Teachers deserve to have their voices heard without having to pay for union politics. That’s why it’s disturbing to learn that the Idaho Voluntary Contributions Act (VCA), a state law that requires unions to get annual written authorization from their members before using their dues for politics, is being challenged as unconstitutional by the Idaho Education Association (IEA).

VCA seems to be a reasonable law. Unions should ask their members before taking money from their paychecks for politics. Rescinding the VCA would provide the IEA with a goldmine to fund political activities and candidates, which the IEA admits is spent mostly on Democratic Party issues and candidates. Should IEA win its lawsuit, teachers will be required to pay hundreds of dollars for state and national union politics from their paychecks, regardless of their willingness to do so.

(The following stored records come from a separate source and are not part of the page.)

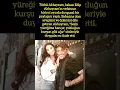 Download Lagu TÜRKÜ AKBAYRAM'DAN BABASI EDİP AKBAYRAM'A DUYGUSAL MESAJ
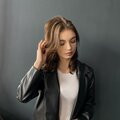 Dinara Ozheva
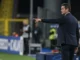 Vestea uriasa pentru Cristi Chivu. Mesajul neasteptat de la Jose Mourinho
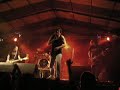 El Ultimo Ke Zierre - insurgente
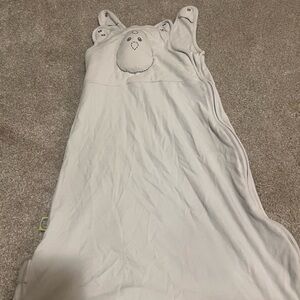Nested Bean Sleep Sack
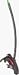 Troy-Bilt LE720R Trimmer Plus 7-1/2-Inch Lawn Edger Attachment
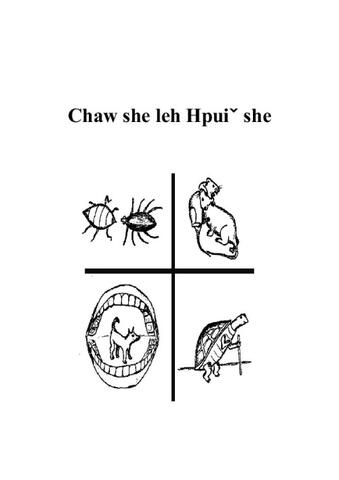 Chaw she leh hpuiˇ she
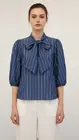 Garde-robe - Top - Jeans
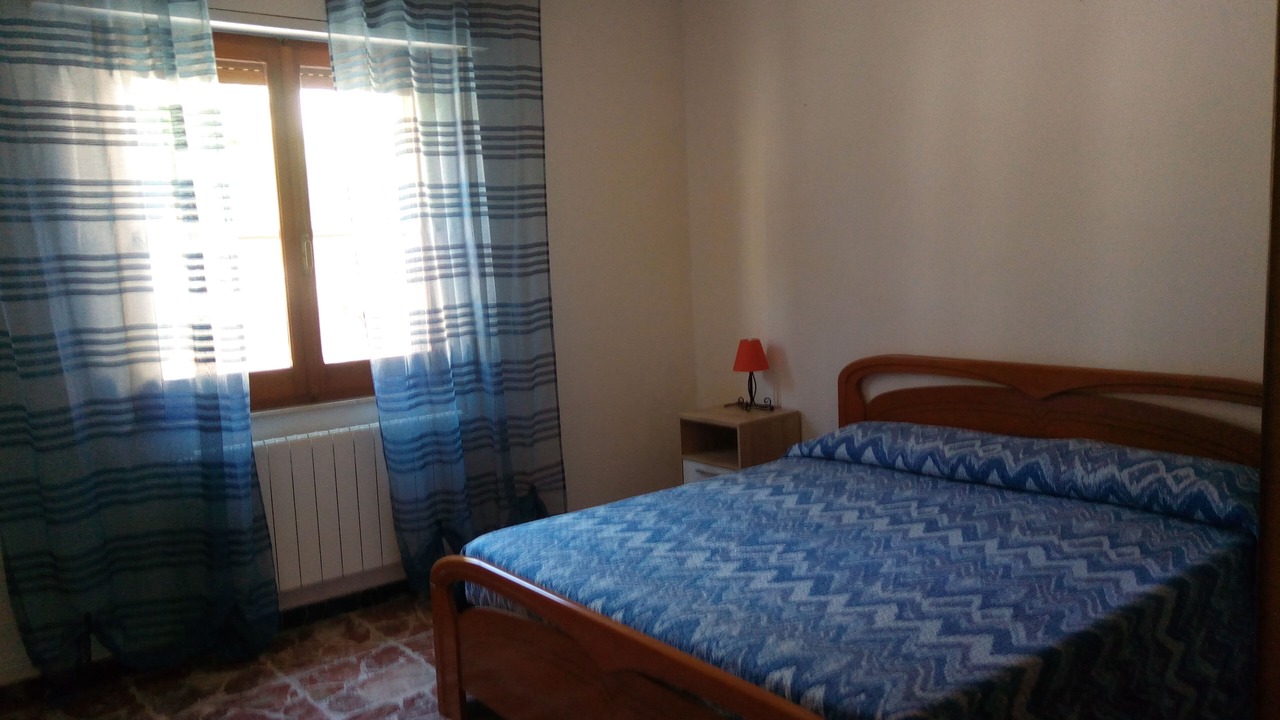 Photo of Bedroom in Collinas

This is outrageously unfair.

VCA protects those teachers who want to pay for representation but don’t want to pay for union politics. But that’s not enough for the IEA. It wants more from its members and is willing to compromise many of its members’ beliefs by having them pay for the union’s political platform--over and above what they pay for collective bargaining.

It’s true that teachers who do not support union politics can choose to not join the union. In doing so, however, they must give up significant member benefits, including voting on their collective bargaining agreements, selecting negotiators, electing union officers, and voting on union constitution and bylaw amendments. While the non-member teachers are covered by the union’s collective bargaining agreement, they are denied a voice in decisions affecting their workplace.

The IEA claims that because union membership is voluntary, that “every penny” of a teacher’s dues is given voluntarily. This is false. In fact, teachers are obligated to pay for the state and national union’s political expenditures in order to exercise their local collective bargaining rights. This is coercion, not voluntarism.

Even when a teacher is a union member, there are plenty of documented cases of union abuses for those teachers who do not support the union’s politics. This includes lack of support for grievances and due process rights, frivolous lawsuits, threats of lawsuits, organized ostracism, intimidation, and shunning by IEA members as well as blackballing.

Divisive union politics and unethical hardball tactics destroy the educational environment of schools by damaging teacher relationships and the teamwork essential for good education. They make the union’s so-called zero tolerance for harassment and commitment to respect and diversity little more than hypocritical pretense.

Union bullying and politics reveals the explicit need for non-partisan, professional educators’ organizations. One example is Northwest Professional Educators, a non-union educators’ association that provides guaranteed job protection benefits that are not dependent on a teacher sharing an organization’s political views. Teachers need a choice in a professional association now more than ever.

If forced politics were not part of the union equation, teachers could unify harmoniously around joint professional interests. The Idaho Voluntary Contributions Act protects employees from surrendering their political views in order to obtain the full benefit of union representation. VCA should be protected.

The court is currently reviewing this case. One can only hope that the U.S. District Court judge will uphold the rights of Idaho’s teachers to have a voice in local bargaining without being exploited by state and national unions for their unrelated political agendas.